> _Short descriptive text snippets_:
★ ★ ★ ★ ★

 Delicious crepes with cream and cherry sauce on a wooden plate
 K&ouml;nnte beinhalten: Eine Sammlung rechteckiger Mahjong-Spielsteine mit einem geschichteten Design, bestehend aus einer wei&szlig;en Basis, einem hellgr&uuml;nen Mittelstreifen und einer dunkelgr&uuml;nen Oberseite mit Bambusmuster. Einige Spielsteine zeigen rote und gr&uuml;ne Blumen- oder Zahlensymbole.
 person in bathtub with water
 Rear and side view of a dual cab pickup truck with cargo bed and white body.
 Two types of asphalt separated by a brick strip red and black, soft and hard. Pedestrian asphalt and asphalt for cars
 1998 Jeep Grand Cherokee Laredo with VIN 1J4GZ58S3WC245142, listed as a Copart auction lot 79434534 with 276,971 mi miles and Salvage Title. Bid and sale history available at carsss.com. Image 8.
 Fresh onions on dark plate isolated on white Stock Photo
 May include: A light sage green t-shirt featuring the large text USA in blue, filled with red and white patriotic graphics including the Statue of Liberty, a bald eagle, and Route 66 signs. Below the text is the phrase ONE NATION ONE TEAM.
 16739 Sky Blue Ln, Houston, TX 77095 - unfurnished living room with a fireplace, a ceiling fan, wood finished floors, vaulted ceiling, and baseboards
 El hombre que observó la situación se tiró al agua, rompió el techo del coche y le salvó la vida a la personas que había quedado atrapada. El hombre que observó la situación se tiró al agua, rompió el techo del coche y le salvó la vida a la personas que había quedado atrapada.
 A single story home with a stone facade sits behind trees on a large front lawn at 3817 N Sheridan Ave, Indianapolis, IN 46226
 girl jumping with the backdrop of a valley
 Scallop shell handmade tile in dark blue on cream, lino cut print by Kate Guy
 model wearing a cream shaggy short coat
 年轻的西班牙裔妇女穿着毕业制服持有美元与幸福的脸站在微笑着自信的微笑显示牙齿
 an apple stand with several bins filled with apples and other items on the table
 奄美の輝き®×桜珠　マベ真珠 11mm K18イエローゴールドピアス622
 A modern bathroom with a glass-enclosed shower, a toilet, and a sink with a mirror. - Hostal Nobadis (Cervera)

★ ★ ★ ★ ★

> _WHAT NEEDS TO BE DONE_:
Filter the entries above down to the lines that contain the word "white".

> _SOLUTION TO THIS TASK_:
 Rear and side view of a dual cab pickup truck with cargo bed and white body.
 Fresh onions on dark plate isolated on white Stock Photo
 May include: A light sage green t-shirt featuring the large text USA in blue, filled with red and white patriotic graphics including the Statue of Liberty, a bald eagle, and Route 66 signs. Below the text is the phrase ONE NATION ONE TEAM.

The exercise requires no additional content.